(PROVIDED INFORMATION Opens)
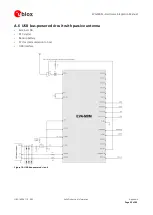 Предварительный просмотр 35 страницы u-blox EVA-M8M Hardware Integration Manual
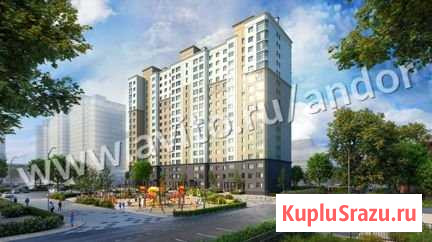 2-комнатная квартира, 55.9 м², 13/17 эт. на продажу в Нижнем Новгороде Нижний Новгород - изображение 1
(PROVIDED INFORMATION Closes)
(PROVIDED INFORMATION Opens)
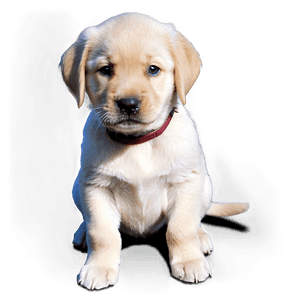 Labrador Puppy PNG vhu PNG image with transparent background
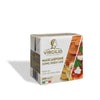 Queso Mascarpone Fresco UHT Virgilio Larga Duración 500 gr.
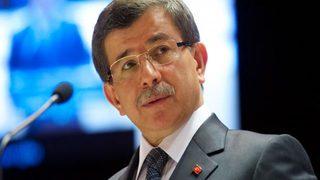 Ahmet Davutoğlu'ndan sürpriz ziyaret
(PROVIDED INFORMATION Closes)
(EXERCISE) Your answer should be the exact lines above from the one containing "Labrador Puppy PNG" through the one containing "Ahmet Davutoğlu'ndan sürpriz ziyaret", with both end lines kept and the pictures removed, please.

(SOLVED PROBLEM)
 Labrador Puppy PNG vhu PNG image with transparent background
 Queso Mascarpone Fresco UHT Virgilio Larga Duración 500 gr.
 Ahmet Davutoğlu'ndan sürpriz ziyaret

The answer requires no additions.